Bank of Nova Scotia (BNS -2.16%) and Toronto-Dominion Bank (TD -0.24%) are both down around 10% or so in 2022. There are reasons for their declines, but for long-term investors, the price drops here could present a solid opportunity to buy these Canadian financial giants. Here's a quick look at each.

An acquisition binge

Toronto-Dominion, or TD Bank as it's more commonly known, is offering a 4% dividend yield today. That's toward the high side of the bank's historical yield range, hinting that it is trading hands at a reasonable, if not an attractive, level. One key reason for this is the fear of a recession, which is not at all unreasonable.

A bank teller providing service to a customer with a line behind them.

Image source: Getty Images.

If there's an economic downturn in the U.S. and/or in Canada, TD's two primary markets, loan defaults are likely to tick higher and loan growth will probably slow. That would put pressure on the bank's top and bottom lines. However, TD Bank had a very high Tier 1 capital ratio of 14.7% at the end of the second quarter. The Tier 1 ratio measures a bank's ability to withstand financial adversity, with higher numbers being better than lower ones. This bank looks prepared for a downturn.

The longer-term story, however, is about growth. TD Bank is a dominant name in Canada with an entrenched position. It is a big player in the United States, too, but there's still plenty of room for it to grow south of the border. In fact, it is working on two acquisitions right now. In February it agreed to buy First Horizon, expanding its banking footprint in the Southeastern United States. And in August it inked a deal to buy Cowen, which will materially increase TD's U.S. securities business. 

Over more than a century, TD Bank has proven it can withstand economic headwinds. So if you can see past the near-term economic concerns and focus on the growth platform management is building, this high-yield bank could be worth adding to your portfolio.
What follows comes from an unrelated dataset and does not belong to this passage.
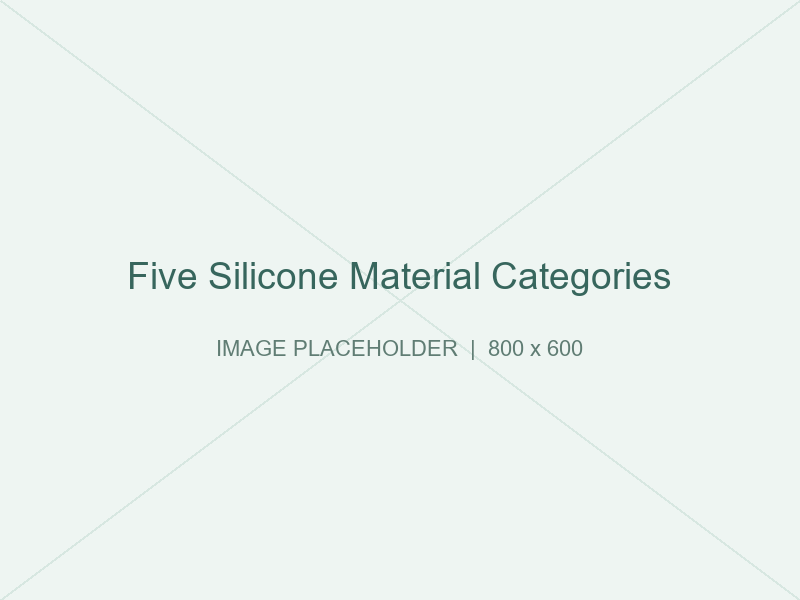 Five Silicone Material Categories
Positioned in long-term growth markets

Bank of Nova Scotia, or Scotiabank depending on who you ask, is a similar story, but with a slightly different twist. Like TD Bank, Scotiabank is an entrenched giant in Canada. It has sold off, too, because of concerns about an economic slowdown and the impact that would have on its business. However, the really big difference here is that Scotiabank isn't focused on growing in the U.S. market. Its latitudinal focus falls all the way down into South America. 

To be fair, that increases risk, since South American economies haven't historically been as stable as the United States. Which is why the stock's dividend yield is 5%, a full percentage point above TD's yield. However, the less-developed region has an opportunity to grow at a faster clip. For investors with a long-term outlook and who are willing to stomach some volatility over short periods, Scotiabank offers a unique combination of Canada's conservative foundational core with a South American growth flair.
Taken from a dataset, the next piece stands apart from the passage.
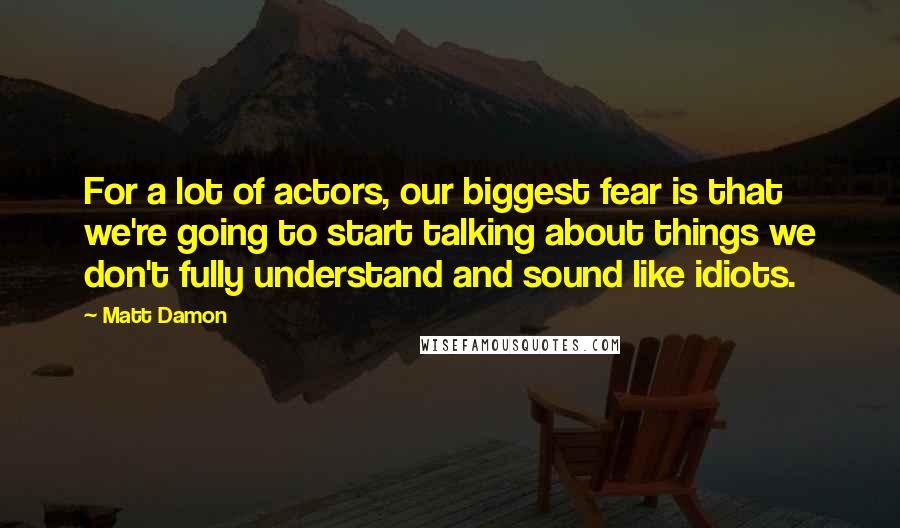 Matt Damon Quotes: For a lot of actors, our biggest fear is that we're going to start talking about things we don't fully understand and sound like idiots.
Some numbers will help. Scotiabank is the third-largest bank in Canada, which represents roughly 65% of its earnings. This is a mature market and has been fairly stable over time, thanks to strict banking regulations. Meanwhile, Scotiabank is also No. 3 in Peru, No. 3 in Chile, No. 5 in Mexico, and No. 6 in Columbia. These countries make up most of the rest of earnings, though Scotiabank does have other exposures, like the 6% of earnings that come from the United States. Still, the big picture here is that Bank of Nova Scotia is a sizable player in key developing markets in South America, and that should support the bank's long-term growth.

Like TD Bank, Scotiabank is well over 100 years old. It has proven it can roll with the economic punches, though its Tier 1 capital ratio was a fair bit lower at 11.6% at the end of the second quarter. Still, for more growth-minded dividend investors, the current yield, at the high end of its historical range, should be pretty enticing.

Buying despite the overhang

There's no question that a recession would be bad news for both TD Bank and Scotiabank, but the risk has opened up an opportunity for those willing to think long term. Both of these ultrahigh-yield banks are well positioned to weather adversity, have experience dealing with headwinds, and are working on growing their already sizable businesses. TD Bank is probably more appropriate for conservative investors than Scotiabank, but if you buy both you will, effectively, have exposure to all of the Americas. That's a fairly interesting income proposition.